You are viewing documentation for Kubernetes version: v1.22

Kubernetes v1.22 documentation is no longer actively maintained. The version you are currently viewing is a static snapshot. For up-to-date documentation, see the latest version.

Kubernetes API Aggregation Layer

The aggregation layer allows Kubernetes to be extended with additional APIs, beyond what is offered by the core Kubernetes APIs. The additional APIs can either be ready-made solutions such as a metrics server, or APIs that you develop yourself.

The aggregation layer is different from Custom Resources, which are a way to make the kube-apiserver recognise new kinds of object.

Aggregation layer

The aggregation layer runs in-process with the kube-apiserver. Until an extension resource is registered, the aggregation layer will do nothing. To register an API, you add an APIService object, which "claims" the URL path in the Kubernetes API. At that point, the aggregation layer will proxy anything sent to that API path (e.g. /apis/myextension.mycompany.io/v1/…) to the registered APIService.

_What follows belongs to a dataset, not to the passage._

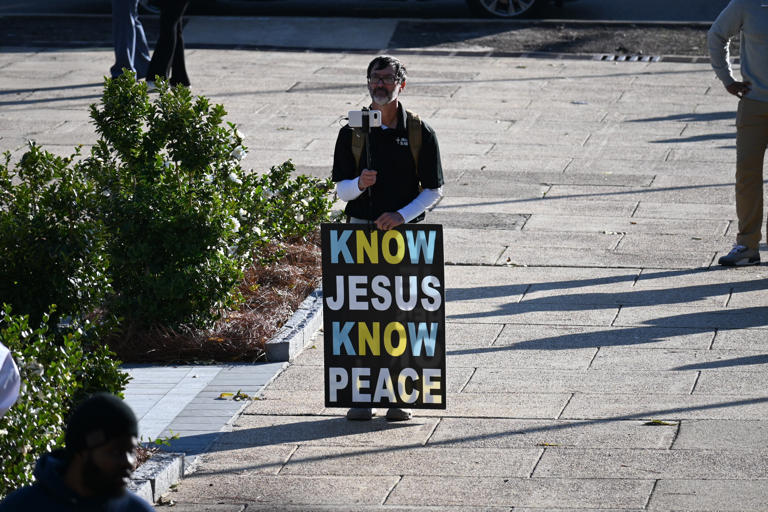 Buddhist monks on 'Walk for Peace' arrive at Mississippi State Capitol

The most common way to implement the APIService is to run an extension API server in Pod(s) that run in your cluster. If you're using the extension API server to manage resources in your cluster, the extension API server (also written as "extension-apiserver") is typically paired with one or more controllers. The apiserver-builder library provides a skeleton for both extension API servers and the associated controller(s).

Response latency

Extension API servers should have low latency networking to and from the kube-apiserver. Discovery requests are required to round-trip from the kube-apiserver in five seconds or less.

If your extension API server cannot achieve that latency requirement, consider making changes that let you meet it.

What's next

Alternatively: learn how to extend the Kubernetes API using Custom Resource Definitions.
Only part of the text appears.